▶ Work required: Leave out every picture and set down, exactly, the lines below from the one holding "Praia do Futuro" up to and including the one holding "Bertram Fletcher Robinson".

▶ Data records:
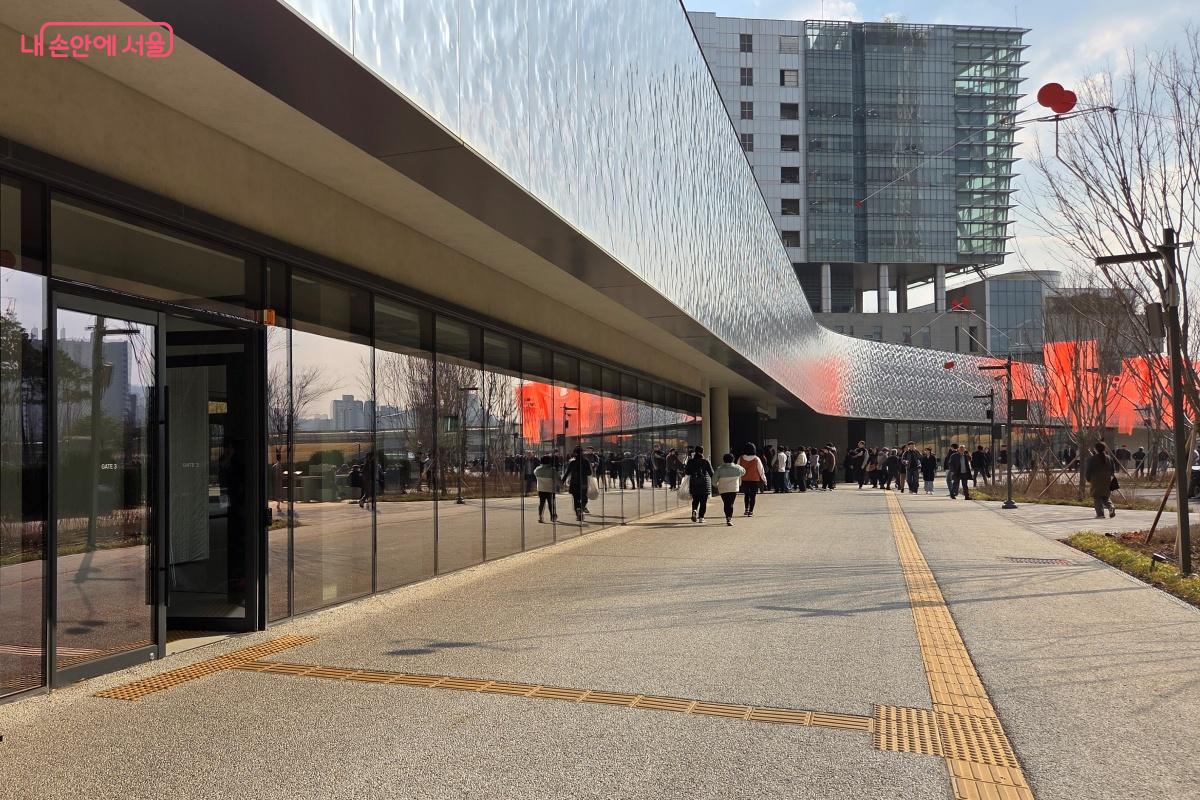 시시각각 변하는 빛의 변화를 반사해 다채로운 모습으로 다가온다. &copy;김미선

--

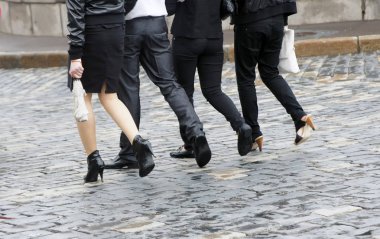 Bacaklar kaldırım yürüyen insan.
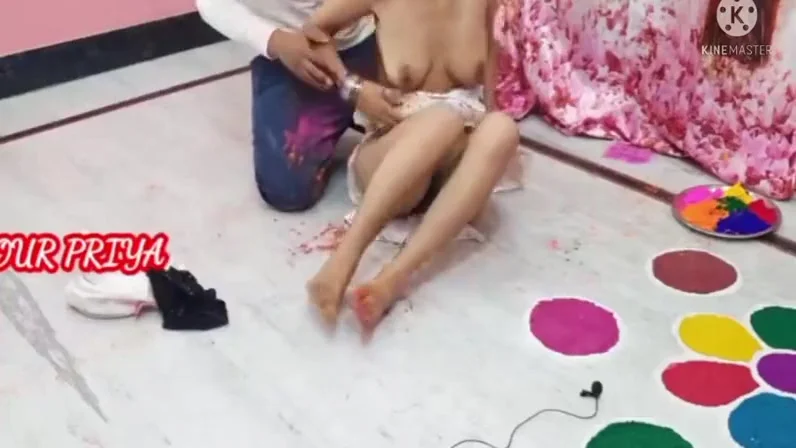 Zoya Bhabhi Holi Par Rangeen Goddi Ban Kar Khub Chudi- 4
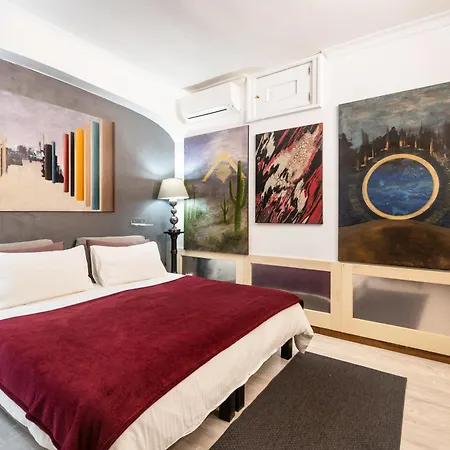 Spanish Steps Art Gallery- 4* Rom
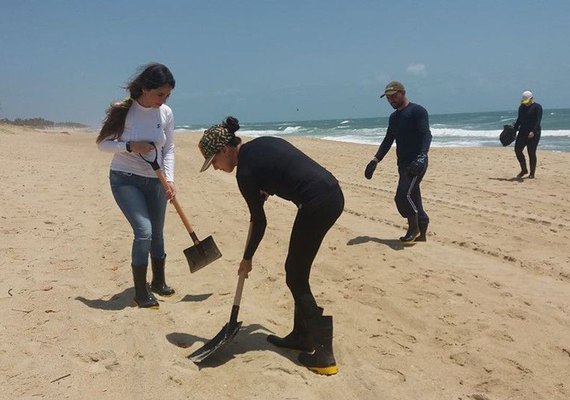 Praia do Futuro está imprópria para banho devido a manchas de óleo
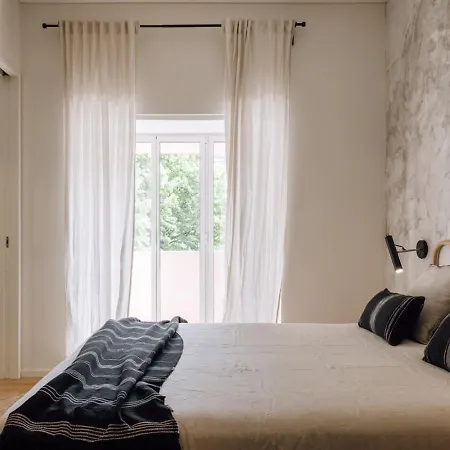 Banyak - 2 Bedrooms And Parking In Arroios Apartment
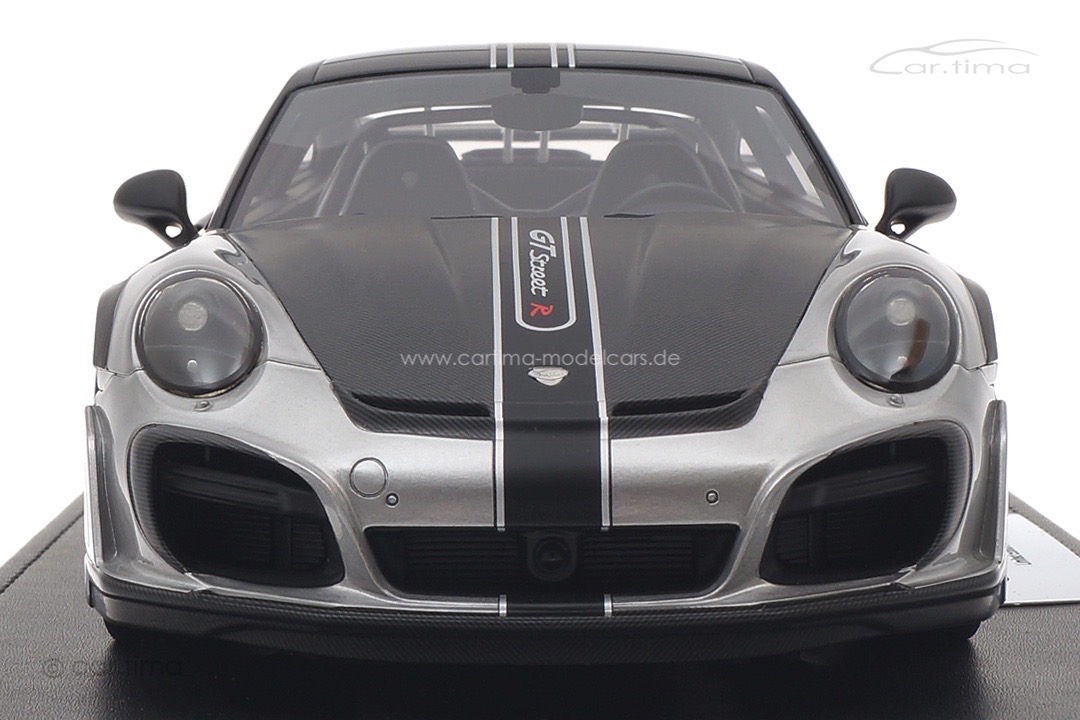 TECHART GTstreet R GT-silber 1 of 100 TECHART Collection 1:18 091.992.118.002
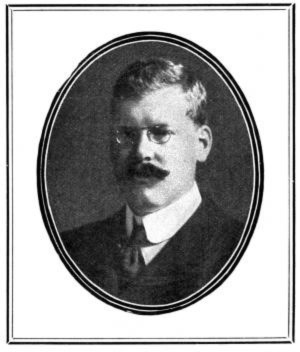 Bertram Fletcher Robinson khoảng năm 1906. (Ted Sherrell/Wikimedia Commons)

▶ Answer section:
 Praia do Futuro está imprópria para banho devido a manchas de óleo
 Banyak - 2 Bedrooms And Parking In Arroios Apartment
 TECHART GTstreet R GT-silber 1 of 100 TECHART Collection 1:18 091.992.118.002
 Bertram Fletcher Robinson khoảng năm 1906. (Ted Sherrell/Wikimedia Commons)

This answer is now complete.